Mais ce bref instant a suffi pour qu'elle change dans l'esprit de Yomiko, pourtant, quitte sa qualité de petite fille

Celle-là pourrait-elle être sincère et l'aimer vraiment ?

"Je ne sais pas..." dit Yomiko, hésitante. (Elle sait. Mais le Bureau apprécierait cette confusion, elle sait aussi cela.)

"Alors, pourquoi ne pas vérifier ?"

Yomiko craint qu'elle soit encore une enfant dont elle profite - elle craint qu'elle soit plus rouée qu'elle n'y parait et la teste, la manipule - elle reste un instant paralysée comme un lapin surpris par des phares - mais ces deux craintes s'annulent, et elle n'a pas le temps de penser quand Nancy se penche vers elle.

Ses lèvres sont douces, et son baiser est beaucoup moins maladroit que tout ce que Yomiko serait capable de donner - l'amnésie ne supprime pas la mémoire du corps, se rappelle-t-elle, et puis elle ne peut plus rien se rappeler du tout.

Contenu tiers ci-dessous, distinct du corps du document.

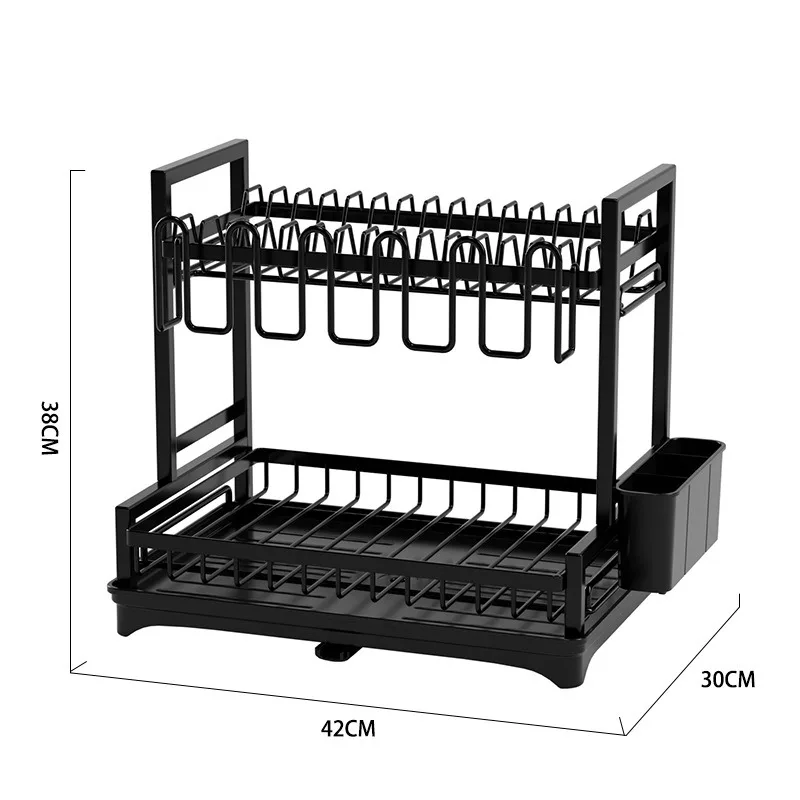 2 tier dish drying rack cutlery drainer dish rack for kitchen black kitchen dish drying rack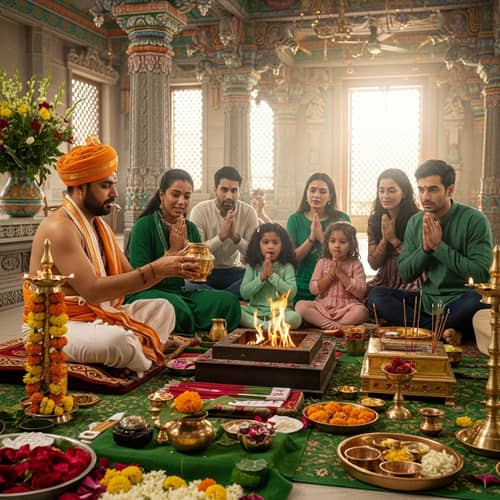 Traditional Pandit Performing Hawan Ritual in Adorned Temple
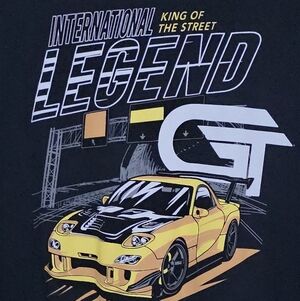 Miken Black Racing  Graphic T NWT Tee Yellow Car Graphic Younf Men Teen L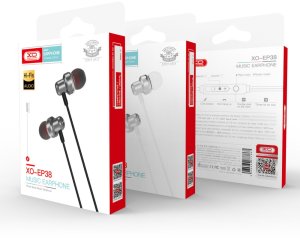 XO SŁUCHAWKI PRZEWODOWE EP38 JACK 3,5mm DOUSZNE SREBRNE 2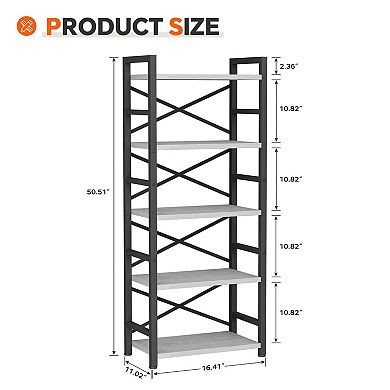 5-Tier Metal Bookshelf with Adjustable Feet and X-Design for Space-Saving Storage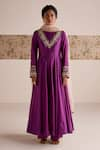 Buy_Esha Arora_Purple Chanderi Silk Embroidered Zardozi Round Bodice Anarkali Pant Set _Online_at_Aza_Fashions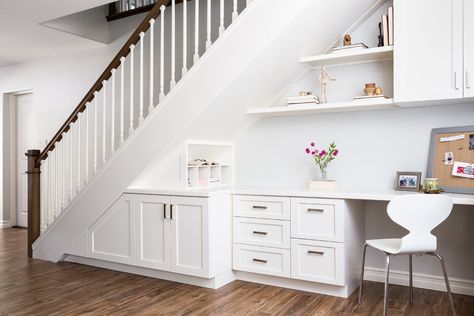 Office under Staircase with Storage and Desk File - Traditional - Home Office - San Diego - by 7 Sisters Interiors | Houzz Under Stair Office, Under Stairs Desk, Stair Office, Desk Under Stairs, Living Room Under Stairs, Office Under Stairs, Under Stairs Nook, Room Under Stairs, Stair Nook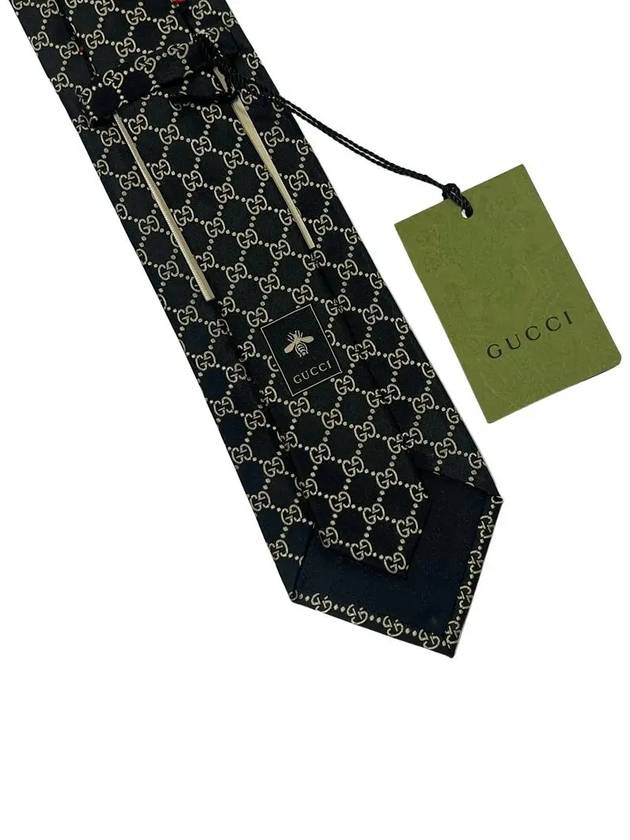 GG Logo Silk Jacquard Tie Black - GUCCI - BALAAN 6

Elle sait maintenant comment elle aurait pu être embrassée, si l'enfer n'avait pas dévoré sa partenaire.

"Alors ?" demande Nancy. Un sourire confiant danse sur ses lèvres. Yomiko a bien peu résisté.

Yomiko ne peut même pas faire la liste des raisons pour lesquelles c'est injustifiable, pour des raisons médicales et morales - elle trahit la mémoire de sa propre Nancy autant qu'Ikkyu l'avait fait, et elle trahit celle-là parce que la compassion et l'intérêt qu'elle éprouve ne tiennent pas lieu d'amour - parce qu'elle est une espionne payée pour lui mentir sur son passé...

Cette fois, c'est elle qui se penche vers Nancy pour l'embrasser à nouveau. Les mains se perdent dans ses cheveux, et un instant, Yomiko sent le fantôme d'un revolver contre sa tempe. Elle souhaite presque que cela soit vrai.